Things can remind you of other things, whether they’re supposed to or not.
The Origin of the Milky Way, by Tintoretto, 1575
Lady GaGa, by Lady Ga Ga, 2010
Super Mario Galaxy, by Shigeru Miyamoto, 2006
Just to start with I don’t right like this painting, but look, she has STARS shooting OUT OF HER NIPPLES! Lady GaGa couldn’t compete. Or could she?
In Greek myth, milk from the breast of the goddess Hera (aka Juno to the Romans) wafted up to the sky to become the milky way, and the ancient Greek word for milky is Galaxias. So there you have it: the creation of the universe. Brian Cox, you may step down.

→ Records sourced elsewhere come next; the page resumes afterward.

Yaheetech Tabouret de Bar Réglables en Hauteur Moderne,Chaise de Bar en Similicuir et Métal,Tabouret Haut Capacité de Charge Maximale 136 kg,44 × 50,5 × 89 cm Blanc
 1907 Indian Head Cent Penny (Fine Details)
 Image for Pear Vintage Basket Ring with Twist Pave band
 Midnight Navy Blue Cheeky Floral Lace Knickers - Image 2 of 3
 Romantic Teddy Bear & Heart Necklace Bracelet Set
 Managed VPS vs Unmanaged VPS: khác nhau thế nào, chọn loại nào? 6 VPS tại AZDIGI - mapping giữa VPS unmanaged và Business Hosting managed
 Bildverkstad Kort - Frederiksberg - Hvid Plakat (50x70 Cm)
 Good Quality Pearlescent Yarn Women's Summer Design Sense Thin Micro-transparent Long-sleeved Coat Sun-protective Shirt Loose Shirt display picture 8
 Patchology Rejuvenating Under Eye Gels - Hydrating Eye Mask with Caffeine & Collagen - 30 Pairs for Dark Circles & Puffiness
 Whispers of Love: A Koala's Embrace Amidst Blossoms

Tintoretto’s bold, swirling image of a confidently naked, larger-then-life woman, with a god, superhero baby and adoring cherubs whirling around her seems over the top, dizzying and irrelevent to me.
But what have we here?
But my Eyes of Wonderment come not from Tintoretto’s masterpiece or Lady GaGa’s enviable abandonment, but from another artist, and from another galaxy. When I look at this painting and its energetic whirls and ultra-blue sky of bursting stars, it makes me think of the colour saturated worlds of Super Mario, created by geek-adored Shigeru Miyamoto. I have no intention to back this up with any academic thesis, it’s just a personal thing, that’s all. Many pleasant hours of my unemployed youth were spent forgetting how hungry I was by playing Super Mario on the ill-fated Nintendo 64, owned by my friend and landlord, Pete.
Can a crowd-surfing diva be art? Can a computer game be art? It’s up for debate, but to get anywhere with that you’d need to decide what art is, and good luck with that.
If it works for you, go with it. Here’s a pared-down Miyamoto quote: ‘You either dismiss it, or you accept that there is much more to the world than you think’.
Where to see... the Tintoretto – in the National Gallery, for free; Lady GaGa – all over the show; Super Mario – round Pete’s house.